Our four-hooved, cud-chewing ambulatory thermometer struck again!
The back story, and some finer points of farming:
1. Ideally, cows give birth once a year (or are pregnant once a year, whether or not they are carrying twins, etc)
2. The duration of their pregnancy is nine months.
3. If you arrange for a Bull to be in the same pasture with a Cow, it is likely that you will end up with a calf at some point.
4. We have “an experienced Belted Galloway cow” (she is older, and has had many calves) named Laura.
5. Laura has a bull calf each year.
6. Laura gives birth in December
7. She calves on the coldest night of the season.

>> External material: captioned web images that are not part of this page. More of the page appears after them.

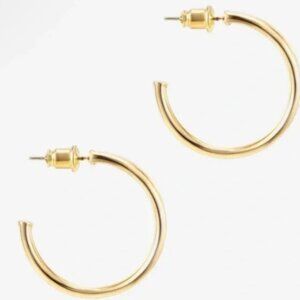PAVOI 14K Gold Hypoallergenic Infinity Hoop Earrings 2mm Thick- Lightweight  NWT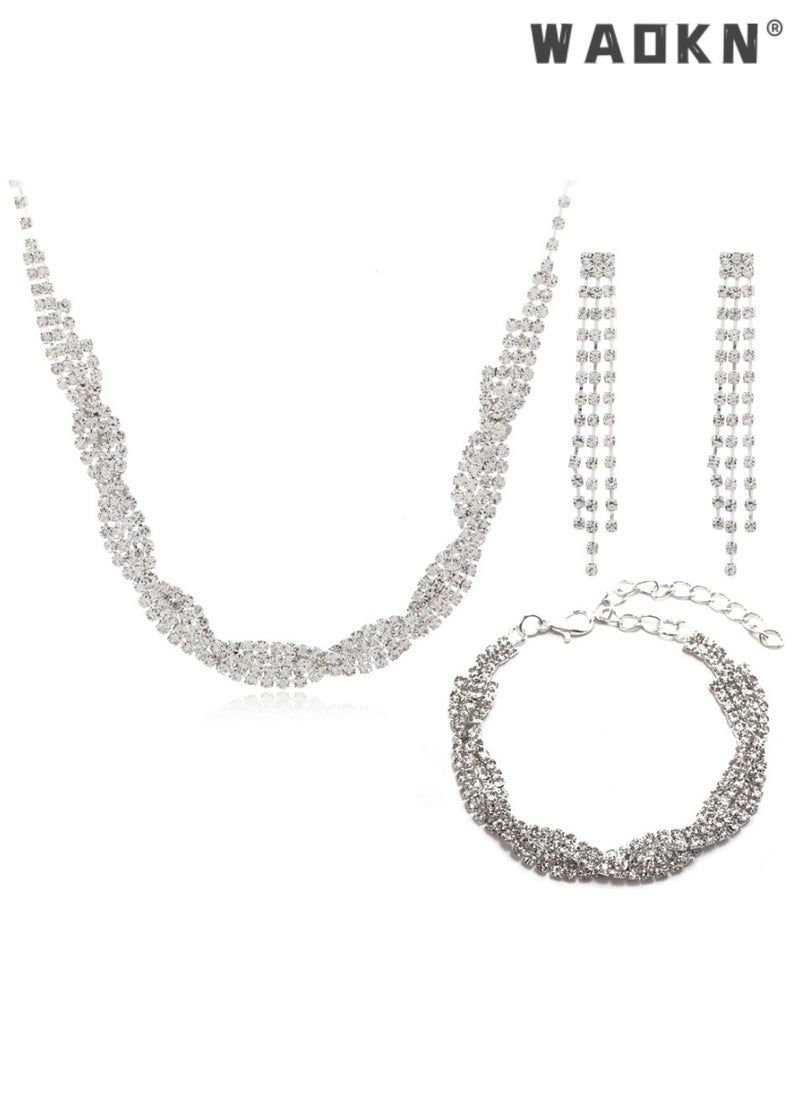 WAOKN 3 Pcs Necklace Bracelet and Earrings Set Full Diamond Necklace Crystal Earrings Wedding Bridal Bridesmaid Costume Jewelry Set for Women and Girls Dress Accessories  - Image 3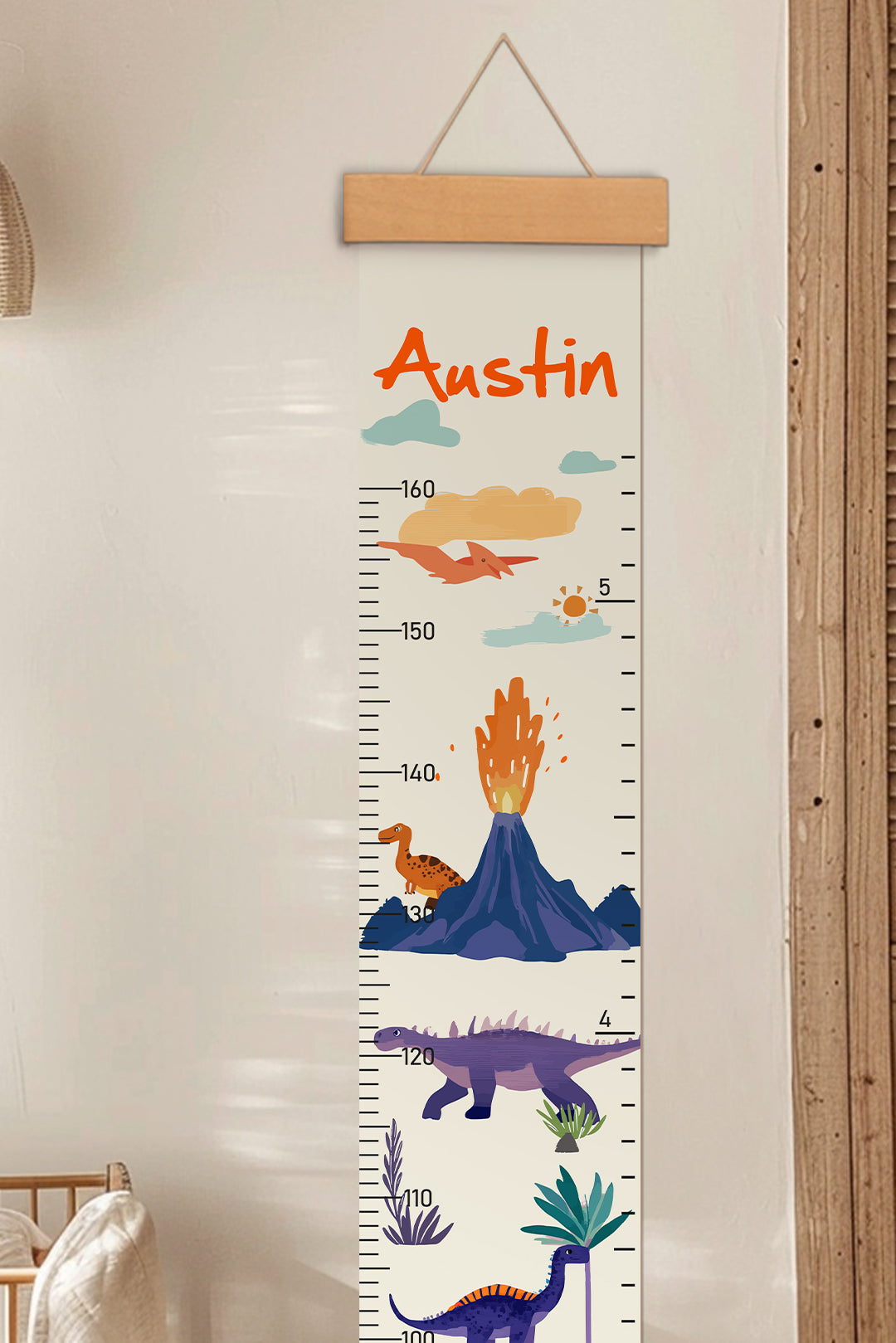 Personalized Dinosaur Adventure Hanging Canvas Height Ruler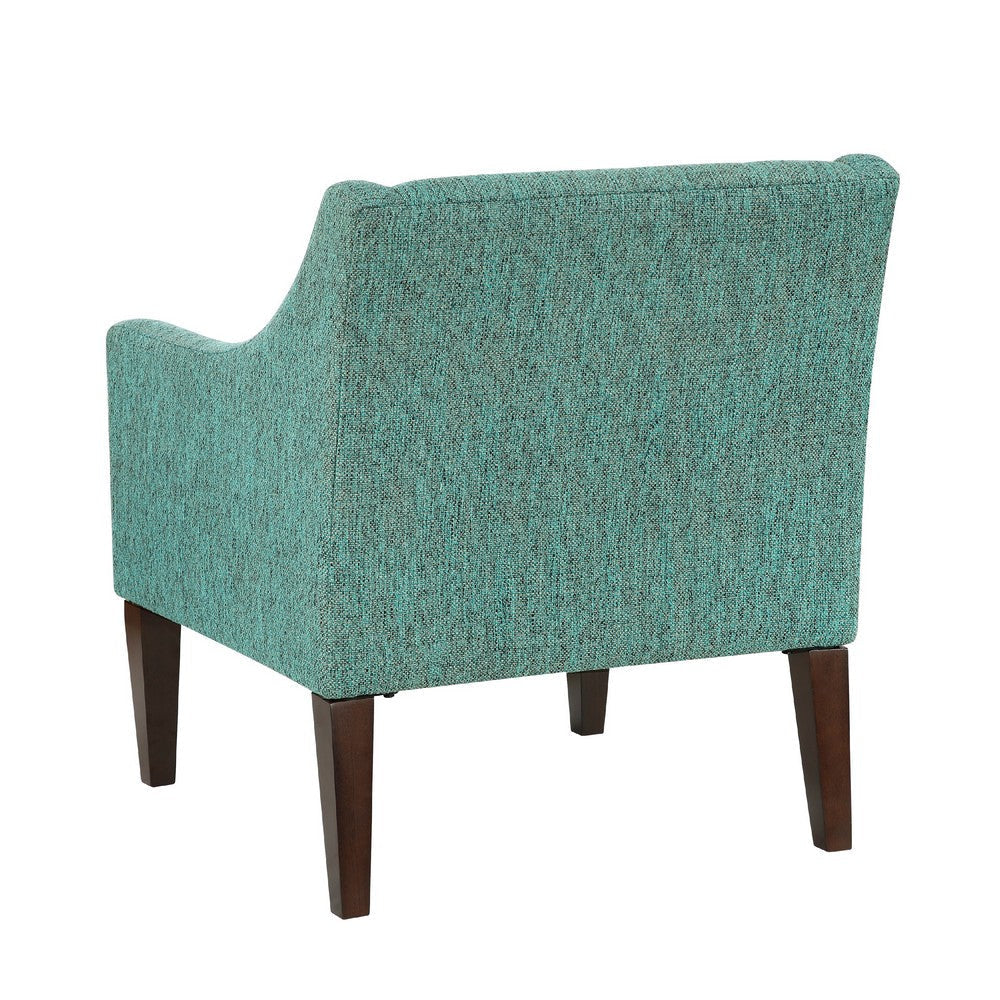 Ginna Accent Armchair | Button Tufted Sea Green Polyester | Brown Legs BM335979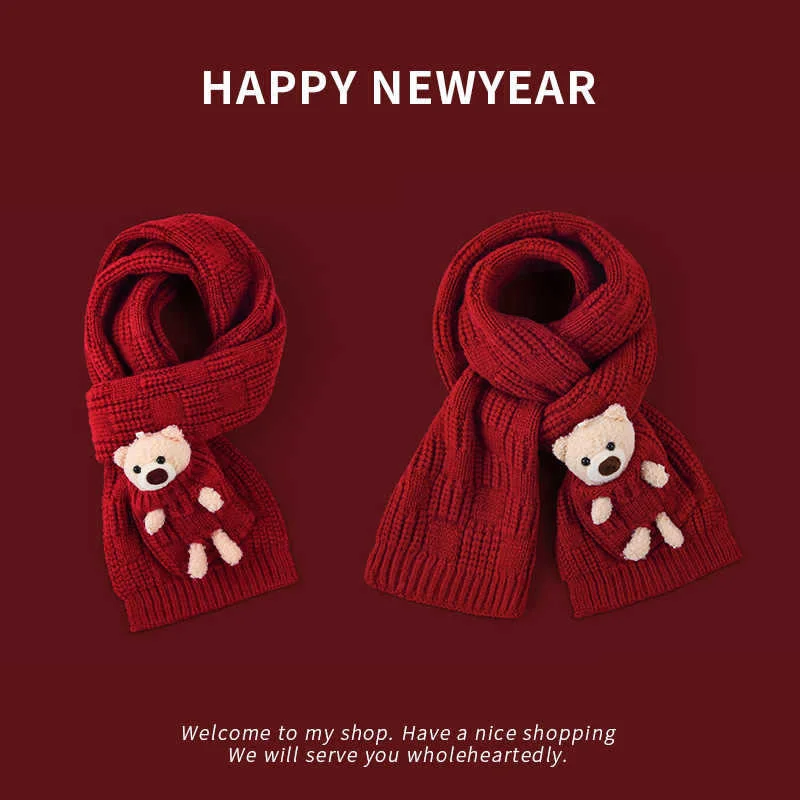 Cute Bear Knitted Red Scarf Protective Warm Versatile Neck Warmer for Women New Year Christmas Winter Gift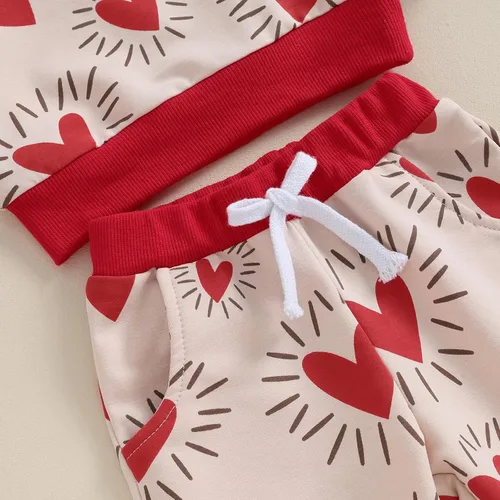 Vista 4 de Engofs Conjunto de sudadera de manga larga para bebé niño y niña, 2 piezas, sudadera de manga larga para otoño e invierno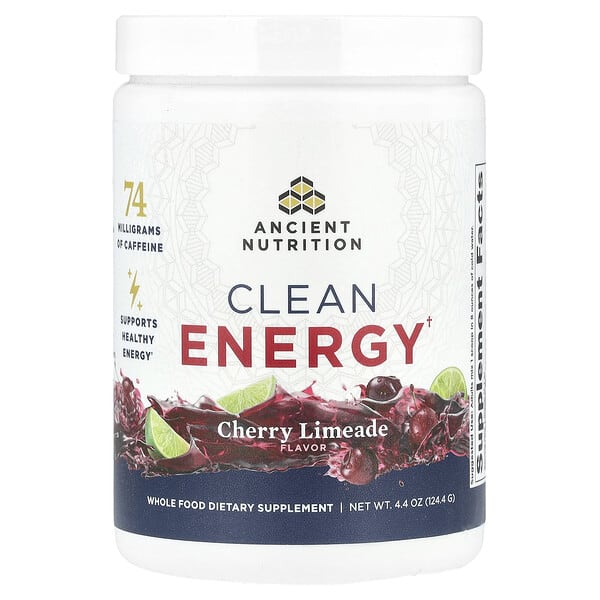 atn02829_v_8.jpg Clean Energy, вишневый лаймад, 124,4 г (4,4 унции) — Ancient Nutrition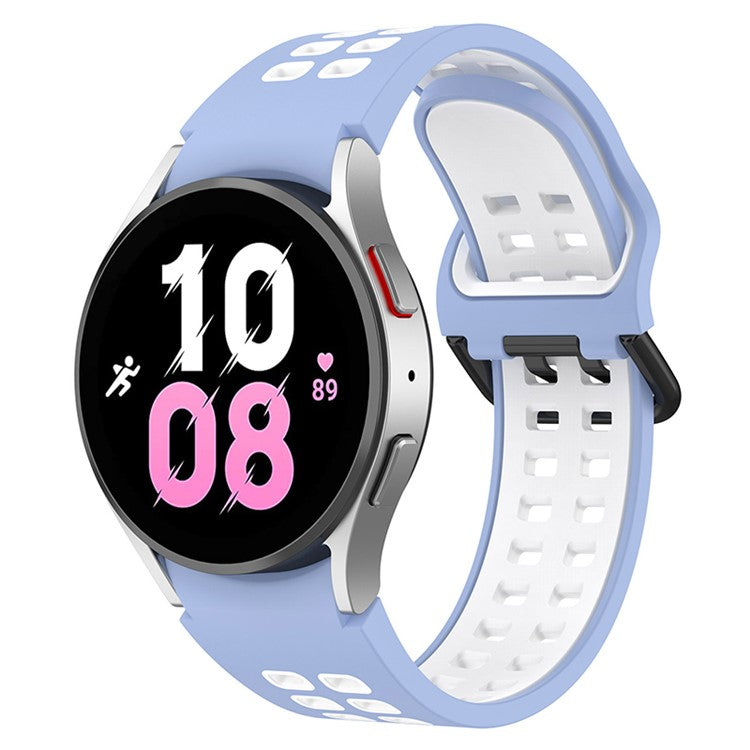 For Samsung Galaxy Watch3 41mm / Watch6 40mm 44mm / Watch6 Classic 43mm 47mm / Watch 5 40mm 44mm / 5 Pro 45mm / Watch4 40mm 44mm Silicone Watch Band Dual Color Strap - Baby Blue / White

We had a wickedly cold snap yesterday and the day before. Guess what? Uneventfully and quietly, Laura went into labor yesterday afternoon and gave birth to a healthy and robust calf. She is a very protective mother, and we have not yet gotten close enough to check and see if it is a heifer (female) or bull. This morning as I left the house for work, I noted that Laura had moved away from her calf, and was eating hay. When a cow leaves her calf alone, you always worry and wonder what they are up to: is the calf still alive or did the mother abandon it, it is alive but freezing cold, has it made too much noise and is it being mauled by coyotes, or experiencing any other horrible thing (that all have happened to our animals over the years)? Laura had tucked her calf in for a warm slumber alongside Petunia and Portia, the exceedingly large and friendly Gloucestershire Old Spots pigs.
We must have experienced a very cold few days, as our little thermometer gave us an early Christmas present in 2009.